:: Task prompt ::
Return all of the data exactly as written, without the pictures.

+++ Material for this exercise

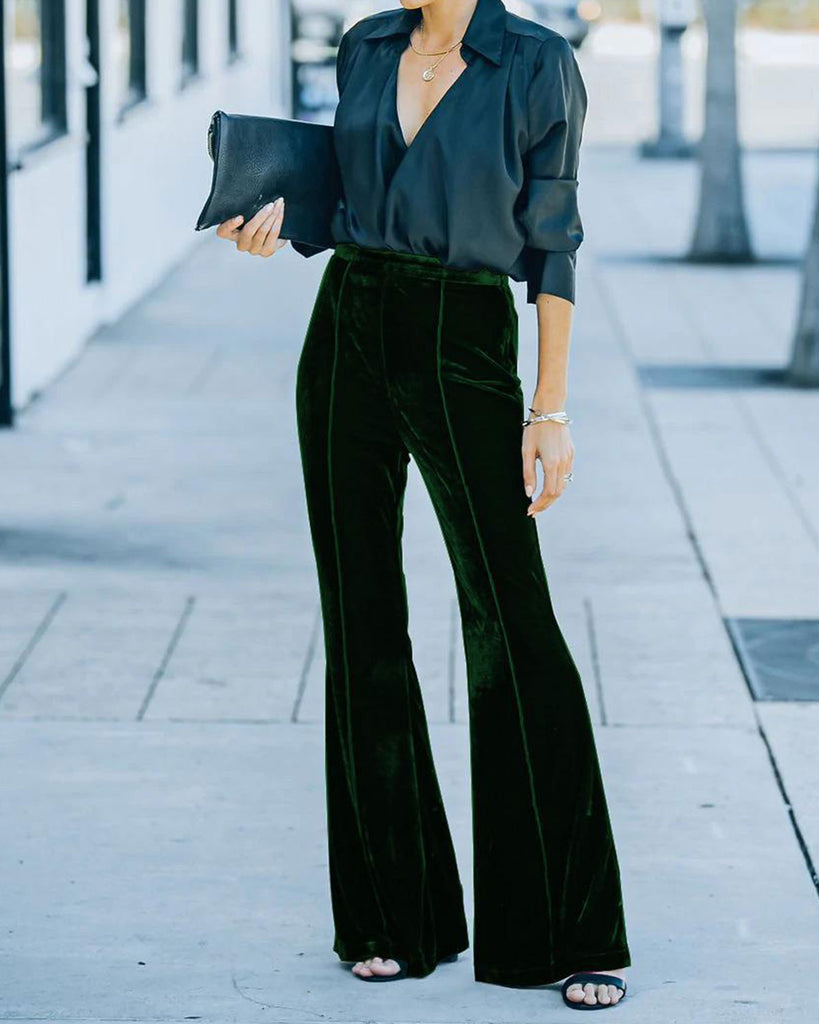 Women's Knitted Polyester Casual Pants Bottoms - RIHOAS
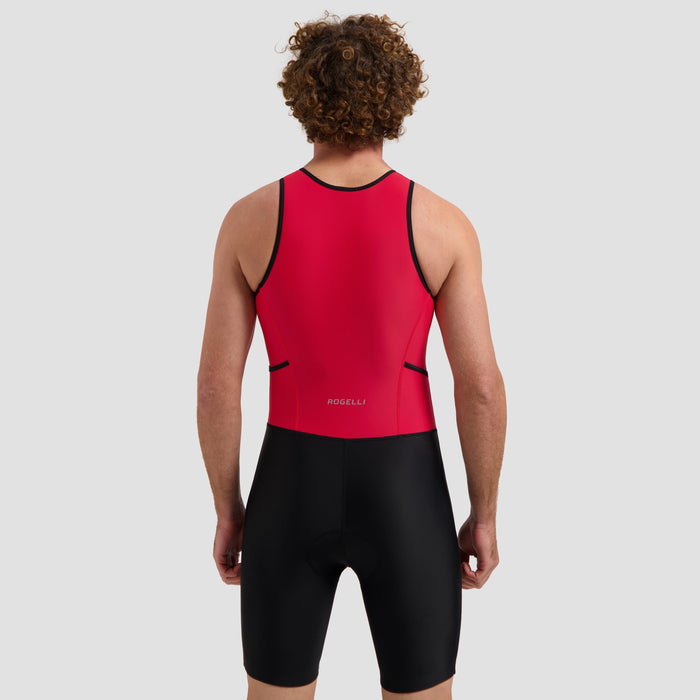 Rogelli Florida triathlonpak zonder mouwen zwart en rood heren gedragen achterkant.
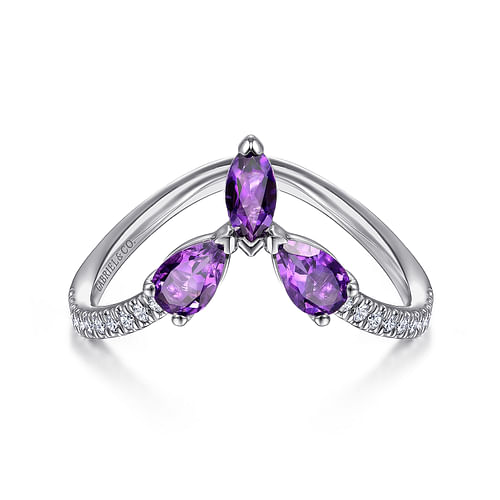 14K White Gold Amethyst and Diamond Curved V Ring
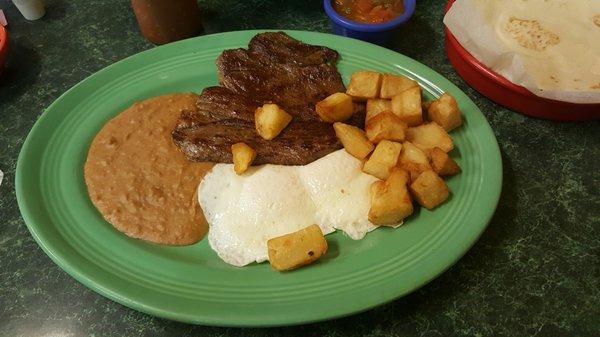 Steak and egg plate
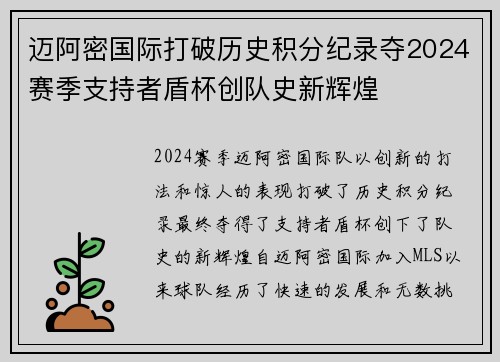 迈阿密国际打破历史积分纪录夺2024赛季支持者盾杯创队史新辉煌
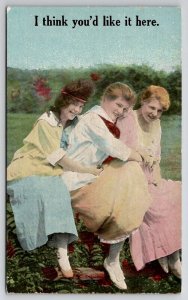 Young Edwardian Women Flirting I Think You Would Like It Here  Postcard L21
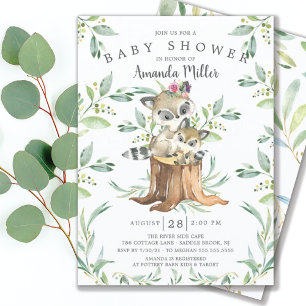 Adorable Baby Racoon and Mum Woodland Baby Shower Invitation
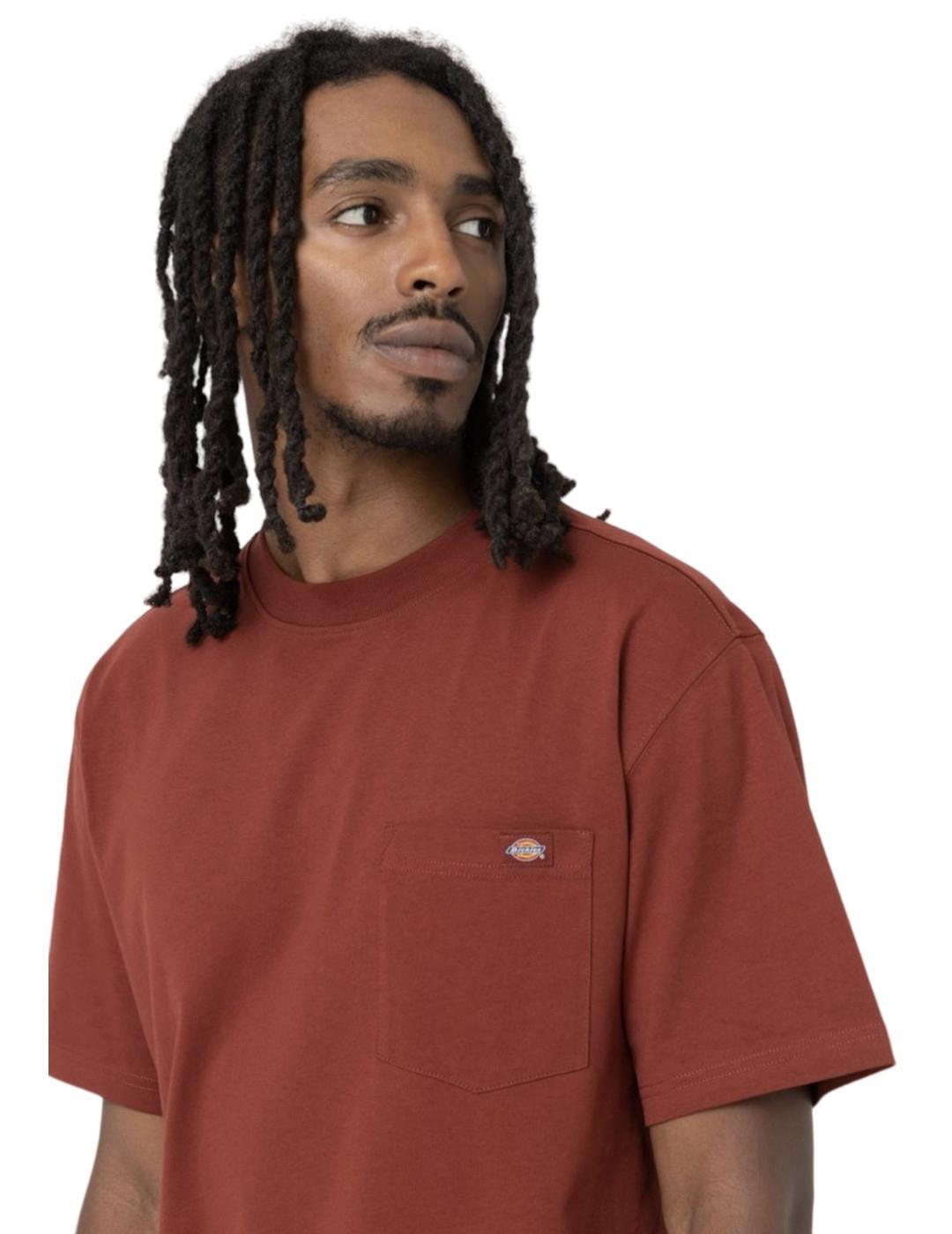 T-shirt pour homme Dickies Luray Marron 3/4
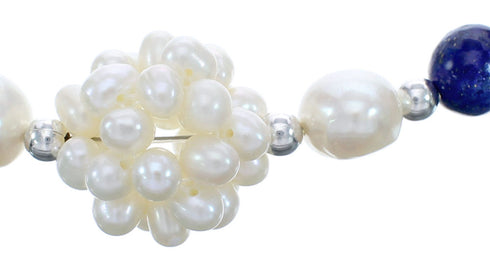 Fresh Water Pearl with Lapis Sterling Silver Bead Necklace KX121310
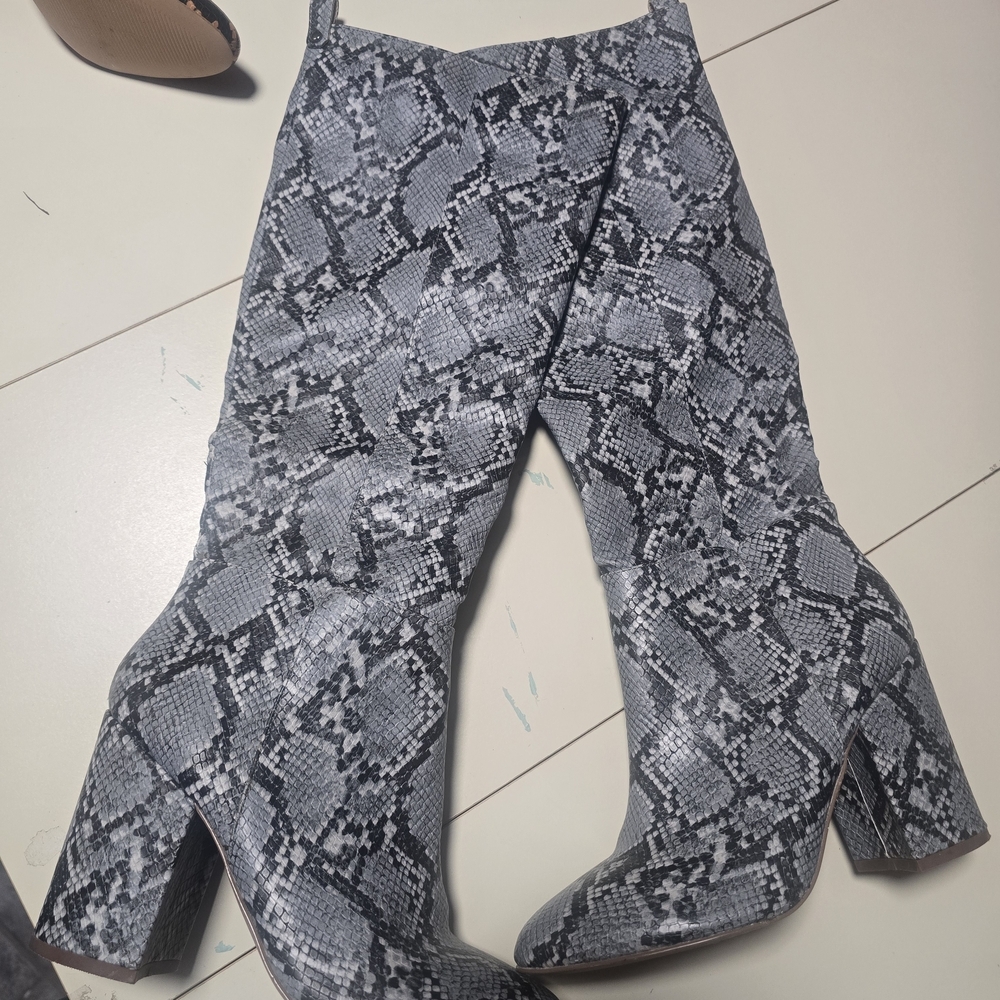 Steve Madden Gray Snake Print Heeled Boots - image 1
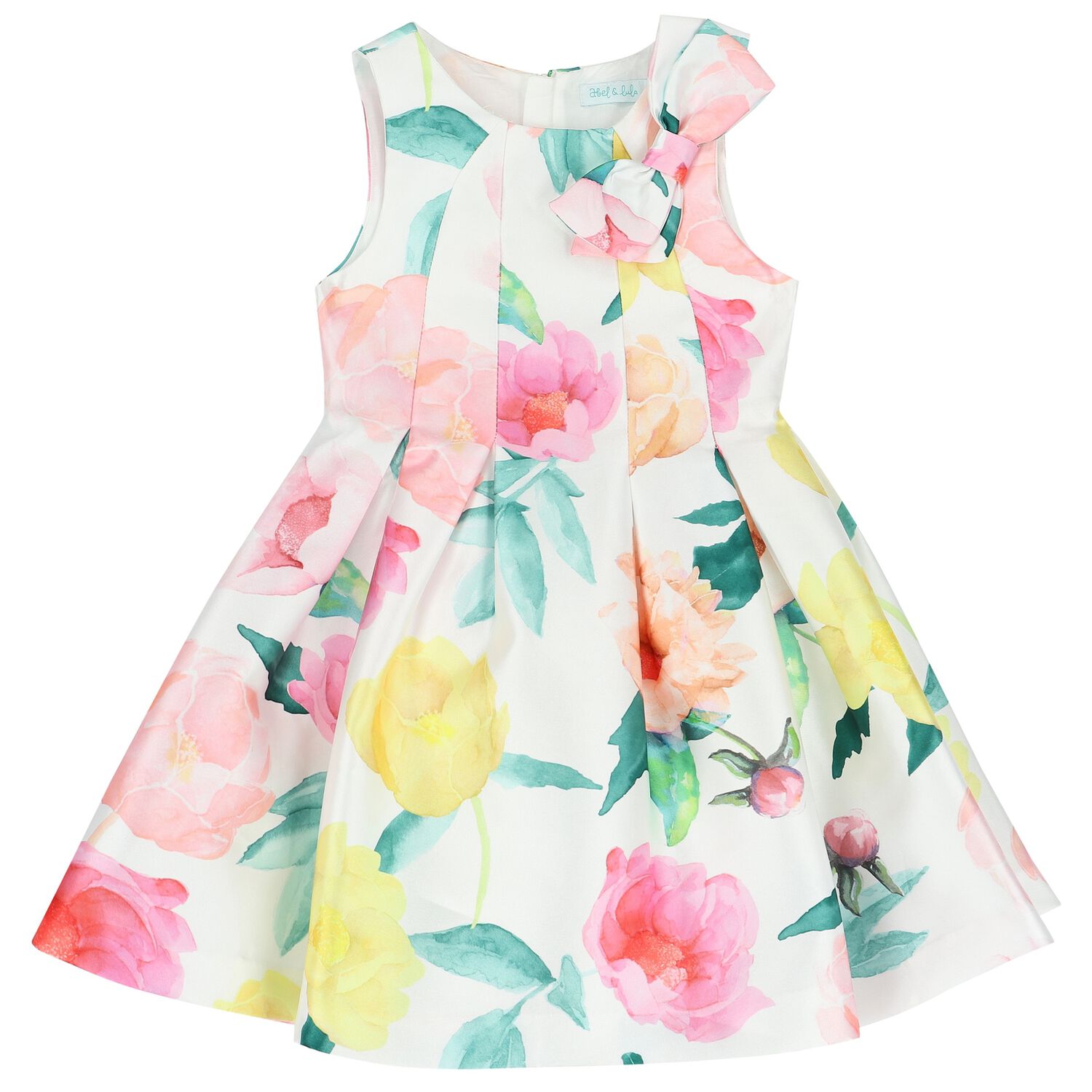 Girls White Floral Satin Dress, 1, hi-res image number null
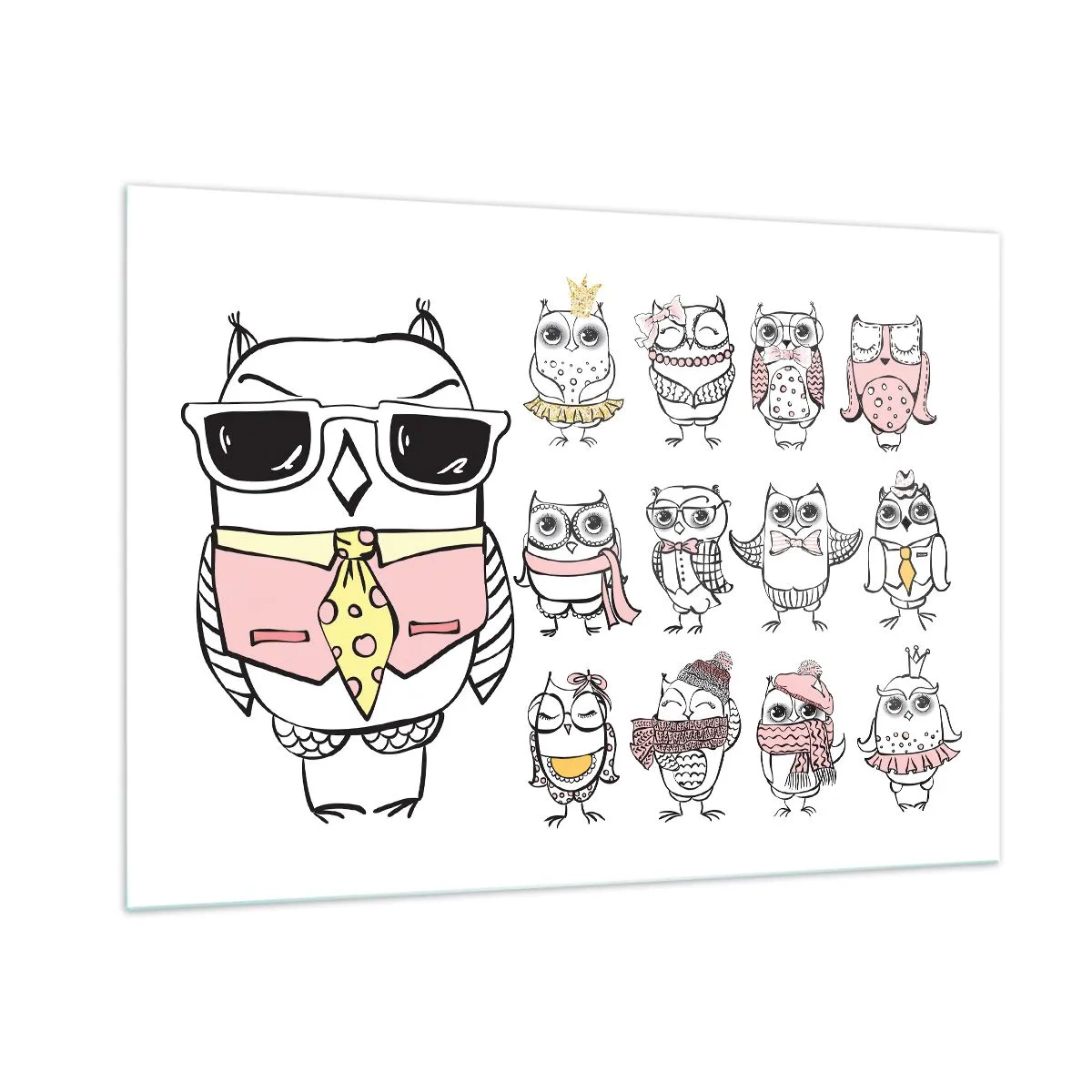 Quadro su vetro - Divertenti disegni di gufi in vari stili - 100x70cm - Tanti ruoli da svolgere - Decorazione murale moderna per soggiorno e camera da letto ARTTOR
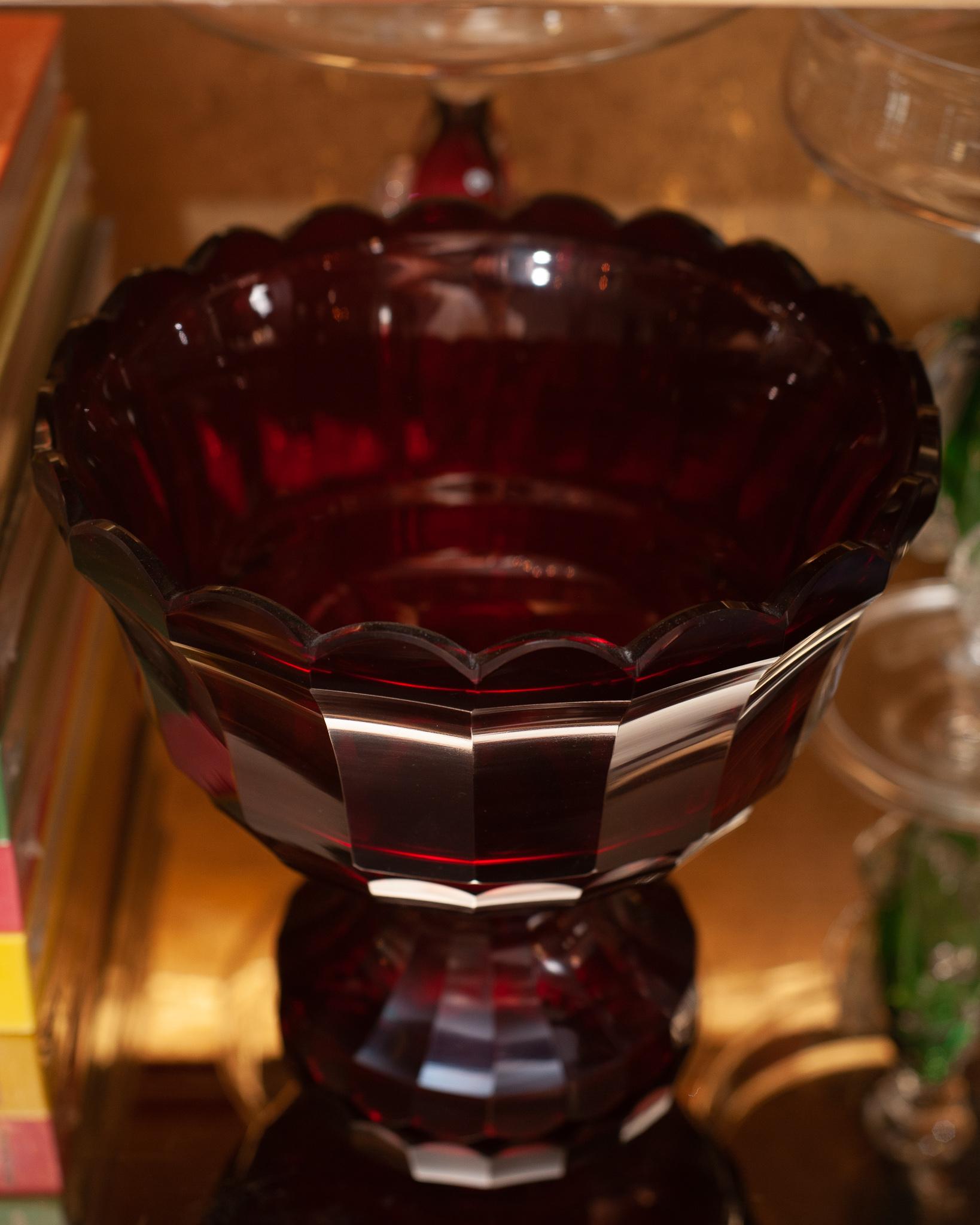 Czech Antique Bohemian Ruby Crystal Bowl with Foot For Sale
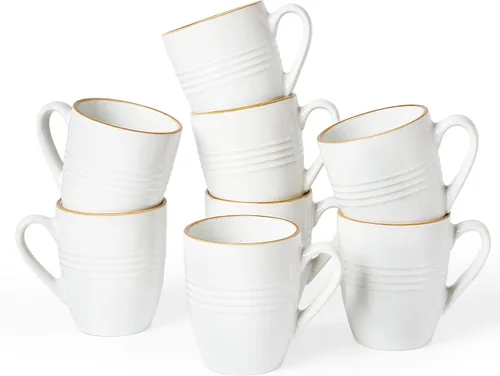 Vista 8 de Juego de Tazas de Café Famiware, Juego de 4 Tazas de 13 oz, Tazas de Gres para Café con Leche, Té Caliente, Mocha, Cacao, Capuchino, Aptas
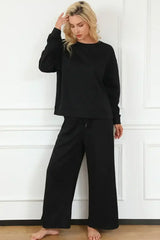 Black Ultra Loose Textured 2pcs Slouchy Outfit - Femstylo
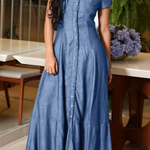 Eliza | Long Denim Dress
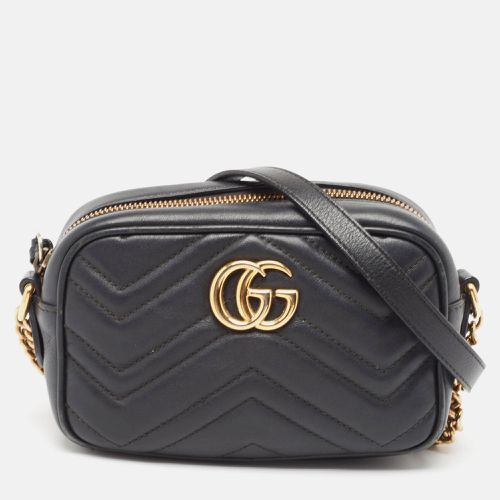 Gucci Black Matelassé Leather Mini GG Marmont Crossbody Bag - Gucci - Modalova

++++++

:: Result below ::
 Women's Knitted Polyester Casual Pants Bottoms - RIHOAS
 Rogelli Florida triathlonpak zonder mouwen zwart en rood heren gedragen achterkant.
 14K White Gold Amethyst and Diamond Curved V Ring
 Steak and egg plate
 迈阿密国际打破历史积分纪录夺2024赛季支持者盾杯创队史新辉煌
 Young Edwardian Women Flirting I Think You Would Like It Here  Postcard L21
 Adorable Baby Racoon and Mum Woodland Baby Shower Invitation
 T-shirt pour homme Dickies Luray Marron 3/4
 Fresh Water Pearl with Lapis Sterling Silver Bead Necklace KX121310
 Steve Madden Gray Snake Print Heeled Boots - image 1
 Girls White Floral Satin Dress, 1, hi-res image number null
 Quadro su vetro - Divertenti disegni di gufi in vari stili - 100x70cm - Tanti ruoli da svolgere - Decorazione murale moderna per soggiorno e camera da letto ARTTOR
 Czech Antique Bohemian Ruby Crystal Bowl with Foot For Sale
 Vista 8 de Juego de Tazas de Café Famiware, Juego de 4 Tazas de 13 oz, Tazas de Gres para Café con Leche, Té Caliente, Mocha, Cacao, Capuchino, Aptas
 Black Ultra Loose Textured 2pcs Slouchy Outfit - Femstylo
 Eliza | Long Denim Dress
 Gucci Black Matelassé Leather Mini GG Marmont Crossbody Bag - Gucci - Modalova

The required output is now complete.